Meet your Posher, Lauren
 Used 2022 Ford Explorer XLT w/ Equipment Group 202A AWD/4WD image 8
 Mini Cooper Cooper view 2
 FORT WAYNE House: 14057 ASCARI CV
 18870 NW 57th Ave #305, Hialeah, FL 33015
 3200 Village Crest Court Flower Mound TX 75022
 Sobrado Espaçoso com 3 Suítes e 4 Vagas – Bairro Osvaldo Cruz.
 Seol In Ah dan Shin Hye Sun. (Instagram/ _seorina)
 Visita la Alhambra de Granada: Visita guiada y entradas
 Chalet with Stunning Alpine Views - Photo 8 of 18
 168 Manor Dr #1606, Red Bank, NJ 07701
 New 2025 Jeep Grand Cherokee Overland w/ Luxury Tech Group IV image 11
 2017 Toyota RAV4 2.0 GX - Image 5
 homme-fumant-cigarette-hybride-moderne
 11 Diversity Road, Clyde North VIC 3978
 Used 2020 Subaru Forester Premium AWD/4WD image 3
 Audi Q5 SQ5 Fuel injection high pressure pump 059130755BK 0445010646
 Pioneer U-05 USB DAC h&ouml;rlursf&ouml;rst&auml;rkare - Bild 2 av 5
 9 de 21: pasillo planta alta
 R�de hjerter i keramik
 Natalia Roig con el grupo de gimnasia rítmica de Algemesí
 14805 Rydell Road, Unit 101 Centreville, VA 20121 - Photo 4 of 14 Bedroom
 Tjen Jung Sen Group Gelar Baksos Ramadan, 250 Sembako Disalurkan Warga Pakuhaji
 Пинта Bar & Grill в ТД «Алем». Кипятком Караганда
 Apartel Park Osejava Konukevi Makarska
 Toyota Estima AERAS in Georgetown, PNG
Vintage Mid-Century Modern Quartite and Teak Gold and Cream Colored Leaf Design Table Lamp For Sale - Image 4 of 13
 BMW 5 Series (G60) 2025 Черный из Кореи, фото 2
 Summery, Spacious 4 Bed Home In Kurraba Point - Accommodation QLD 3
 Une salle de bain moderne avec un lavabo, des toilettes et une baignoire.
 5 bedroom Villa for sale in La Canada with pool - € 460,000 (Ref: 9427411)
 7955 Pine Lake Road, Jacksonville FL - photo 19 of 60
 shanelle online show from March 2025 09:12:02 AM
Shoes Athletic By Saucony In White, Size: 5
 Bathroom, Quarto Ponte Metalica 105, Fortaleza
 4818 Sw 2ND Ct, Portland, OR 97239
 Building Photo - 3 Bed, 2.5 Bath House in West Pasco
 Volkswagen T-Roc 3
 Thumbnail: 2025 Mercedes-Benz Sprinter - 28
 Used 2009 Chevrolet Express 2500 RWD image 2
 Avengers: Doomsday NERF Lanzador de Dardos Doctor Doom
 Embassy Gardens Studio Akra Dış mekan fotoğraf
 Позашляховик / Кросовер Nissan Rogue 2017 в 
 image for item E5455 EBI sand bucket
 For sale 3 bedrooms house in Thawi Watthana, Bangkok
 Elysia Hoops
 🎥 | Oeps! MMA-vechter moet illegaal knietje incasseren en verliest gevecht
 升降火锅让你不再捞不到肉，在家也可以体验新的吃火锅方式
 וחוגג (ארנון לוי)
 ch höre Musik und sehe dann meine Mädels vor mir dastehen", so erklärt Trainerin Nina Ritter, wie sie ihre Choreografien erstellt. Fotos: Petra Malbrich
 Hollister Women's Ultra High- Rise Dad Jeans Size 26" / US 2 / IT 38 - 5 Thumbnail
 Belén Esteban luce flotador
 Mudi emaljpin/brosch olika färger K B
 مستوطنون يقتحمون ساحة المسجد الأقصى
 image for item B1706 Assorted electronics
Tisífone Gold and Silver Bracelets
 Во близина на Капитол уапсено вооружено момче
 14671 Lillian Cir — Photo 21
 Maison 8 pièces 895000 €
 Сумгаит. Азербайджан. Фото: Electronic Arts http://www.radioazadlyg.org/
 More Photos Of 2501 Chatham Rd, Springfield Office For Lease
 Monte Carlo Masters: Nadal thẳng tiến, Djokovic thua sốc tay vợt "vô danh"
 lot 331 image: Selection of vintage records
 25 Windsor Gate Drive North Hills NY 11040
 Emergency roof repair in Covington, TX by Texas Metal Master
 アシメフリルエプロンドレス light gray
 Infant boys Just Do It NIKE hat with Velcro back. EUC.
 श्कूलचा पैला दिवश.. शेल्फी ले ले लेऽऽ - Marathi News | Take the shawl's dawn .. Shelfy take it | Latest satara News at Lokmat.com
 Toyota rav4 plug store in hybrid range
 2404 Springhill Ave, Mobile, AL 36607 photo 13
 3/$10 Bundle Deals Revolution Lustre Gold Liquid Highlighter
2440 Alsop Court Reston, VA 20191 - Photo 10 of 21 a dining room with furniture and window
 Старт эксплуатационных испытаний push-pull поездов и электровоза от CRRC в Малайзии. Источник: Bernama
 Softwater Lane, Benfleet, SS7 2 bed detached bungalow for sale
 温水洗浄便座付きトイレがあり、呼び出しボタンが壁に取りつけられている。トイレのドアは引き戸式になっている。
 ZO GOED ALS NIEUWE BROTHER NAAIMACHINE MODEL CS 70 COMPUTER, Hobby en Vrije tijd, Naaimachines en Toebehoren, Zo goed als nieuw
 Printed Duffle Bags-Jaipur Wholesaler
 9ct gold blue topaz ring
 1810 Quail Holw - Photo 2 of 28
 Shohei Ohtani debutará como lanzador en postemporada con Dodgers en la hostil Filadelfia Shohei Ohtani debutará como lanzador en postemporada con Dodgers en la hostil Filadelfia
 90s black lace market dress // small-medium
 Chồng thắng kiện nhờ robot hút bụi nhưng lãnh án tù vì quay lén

---

PROBLEM TO SOLVE:
Take every line above that includes "Thumbnail" and list it.

SOLUTION FOR THIS EXERCISE:
 Thumbnail: 2025 Mercedes-Benz Sprinter - 28
 Hollister Women's Ultra High- Rise Dad Jeans Size 26" / US 2 / IT 38 - 5 Thumbnail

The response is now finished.